Okay, in my own weight-loss journey I have been wearing my pedometer daily to track my steps. The goal is to get 10,000 steps a day. Most days this requires me to go on a walk or some extra exercise, but on days that I clean all day I have found my step count is higher than normal. Yes, cleaning the house from top to bottom along with gardening and simple yard work can equal a great workout. But, do I think the lack of housework has caused our current obesity epidemic? No.
It would be lovely if the answer was that simple.
Just humor me and think about what also took place about this time. The first TV dinners, the first real convenience foods were created in the 1950s. Originally an option for airplanes, the market took off with companies including Quaker and Swanson competing for the aluminum tray world of easy to prepare food.

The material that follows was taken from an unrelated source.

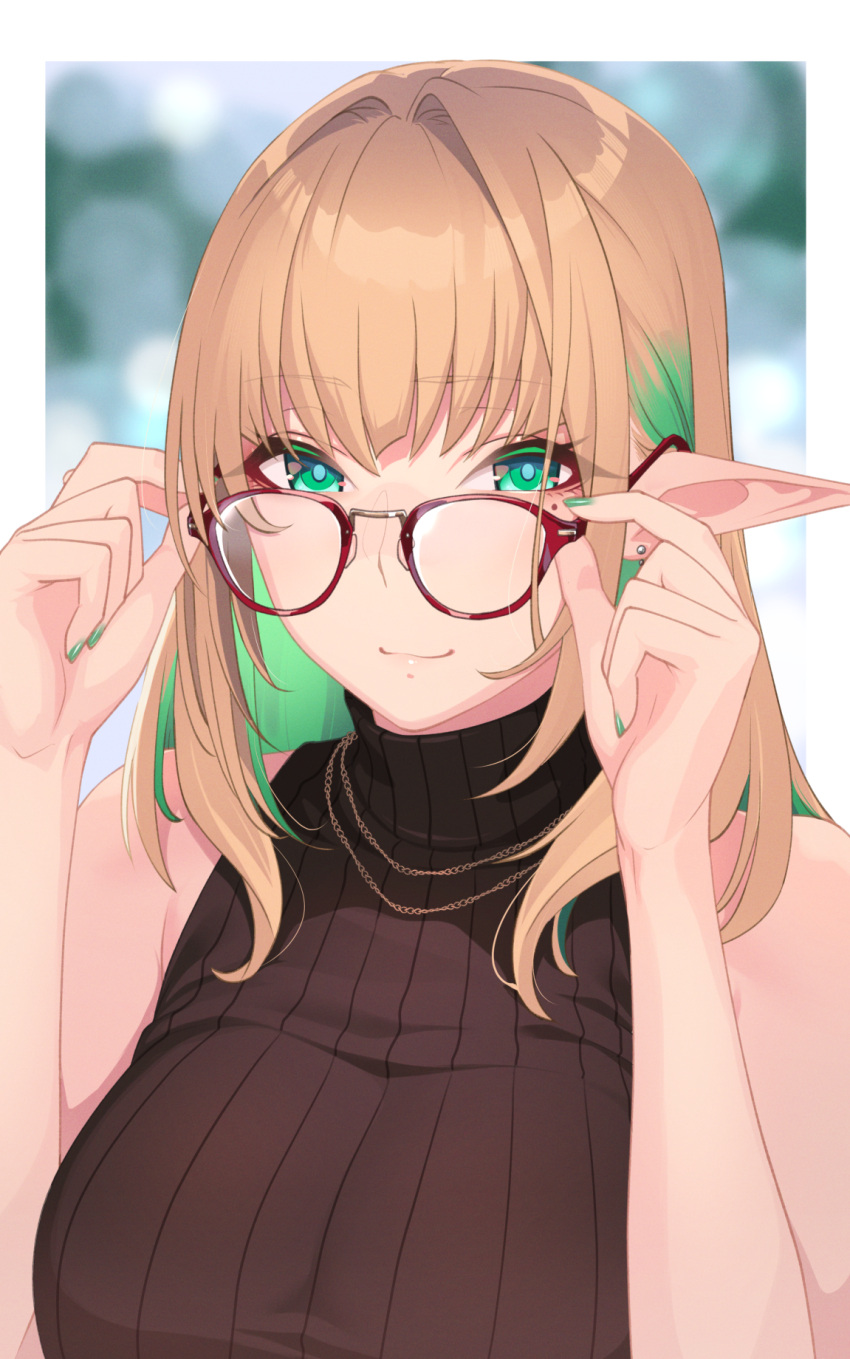 1girl bangs bare_arms bare_shoulders black_sweater blonde_hair blurry blurry_background breasts commentary_request earrings eyebrows_visible_through_hair eyes_visible_through_hair glasses green_eyes green_hair green_nails hand_on_eyewear highres hikichi_sakuya jewelry large_breasts long_hair mole mole_under_eye multicolored_hair nail_polish necklace original pointy_ears portrait red-framed_eyewear ribbed_sweater smile solo sweater turtleneck turtleneck_sweater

The 1960's brought women's liberation and more women working outside the home. It was a challenge to put food on the table every night and prepared foods or easy to assemble meals were more enticing.
The McDonalds brothers opened their first restaurant in 1948 and more fast-food options were close at their heels. Fried, fast, finger-friendly foods have been gaining popularity ever since.
So our whole food landscape changed. We chose food for convenience and no longer sought out nutrition first. As a child growing up in the 80's we ate out more than my parent's had during their childhood. Portion sizes were growing and "All You Can Eat" smorgasbords were common. Did my generation grow up eating more? Well, yes!
I don't think it can be linked to just one thing since the 1950's... ultimately it comes down to personal choices. Saying housework (or the calories burned during this form of exercise seems over simplistic) We choose what we put in our mouth, we choose whether to sit in front of the computer/TV all day. Sometimes the healthy choices are not the easiest, fastest or sweetest.
I am taking the uphill battle head-on and trying to make the best choices for me and my family. I am not striving for a 28-inch waist. Instead I just want to be healthy and enjoy my family. The clean house and home cooked dinners are just a bonus! ...But, don't even think of trying to take away my washing machine.
What do you think of the study? What do you think is the biggest culprit for the physical changes since the 1950's?